Born in Paris in 1932, the young Dreyfus and her mother took the name Durand during the Nazi occupation to escape the round-up of Jews by French police. Upon leaving her school one day, the actress recalled years later, her classmates began to shout “Elle est juive!” — “She’s Jewish! — as a German officer walked past. He took the young girl by the hand and, rather than taking her to the closest police station, took her home, where left her with her terrified mother.

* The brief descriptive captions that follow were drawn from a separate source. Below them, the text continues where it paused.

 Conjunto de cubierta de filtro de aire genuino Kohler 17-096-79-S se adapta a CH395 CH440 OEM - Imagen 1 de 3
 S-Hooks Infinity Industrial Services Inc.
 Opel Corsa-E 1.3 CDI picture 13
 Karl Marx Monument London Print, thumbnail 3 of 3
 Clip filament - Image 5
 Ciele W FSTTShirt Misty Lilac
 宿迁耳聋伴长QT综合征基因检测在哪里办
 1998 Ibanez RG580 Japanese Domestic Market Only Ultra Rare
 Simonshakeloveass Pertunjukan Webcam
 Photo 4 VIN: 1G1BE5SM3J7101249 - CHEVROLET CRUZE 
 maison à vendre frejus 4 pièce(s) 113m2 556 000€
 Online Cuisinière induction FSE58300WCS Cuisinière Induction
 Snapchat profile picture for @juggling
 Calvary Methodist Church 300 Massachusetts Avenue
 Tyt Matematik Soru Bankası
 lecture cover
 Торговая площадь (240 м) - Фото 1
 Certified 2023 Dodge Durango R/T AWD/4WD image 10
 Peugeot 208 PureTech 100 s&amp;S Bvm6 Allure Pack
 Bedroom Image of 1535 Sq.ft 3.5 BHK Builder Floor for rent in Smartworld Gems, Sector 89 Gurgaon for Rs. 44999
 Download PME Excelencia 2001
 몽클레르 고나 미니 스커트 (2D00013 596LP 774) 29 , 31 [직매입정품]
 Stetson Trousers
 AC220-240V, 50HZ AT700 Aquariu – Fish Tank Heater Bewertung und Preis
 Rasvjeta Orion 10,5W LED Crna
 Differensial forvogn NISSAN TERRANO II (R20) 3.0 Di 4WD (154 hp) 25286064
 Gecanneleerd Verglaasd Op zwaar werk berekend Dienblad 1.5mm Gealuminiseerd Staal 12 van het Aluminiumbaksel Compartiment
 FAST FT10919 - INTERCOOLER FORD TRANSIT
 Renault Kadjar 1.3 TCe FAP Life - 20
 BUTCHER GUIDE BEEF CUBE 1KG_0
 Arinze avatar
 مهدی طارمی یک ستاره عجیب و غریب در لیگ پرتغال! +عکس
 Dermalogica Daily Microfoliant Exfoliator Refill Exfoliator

Scarcely had France been liberated that, in 1946, Dreyfus appeared in her first movie, La Maison sous la mer (“The House Under the Sea”), a forgotten film by the equally forgotten director Henri Calef. The one element that will always be remembered is that n the credits, Dreyfus was identified “Anouk,” the same name she had in the film. A few years later, she was given a last name by the poet and screenwriter Jacques Prévert. On the set of a Marcel Carné film, he observed “one cannot go through life with just a first name” — Arletty seems to have thought otherwise — and because everyone who met her fell in love, baptized her “Aimée.”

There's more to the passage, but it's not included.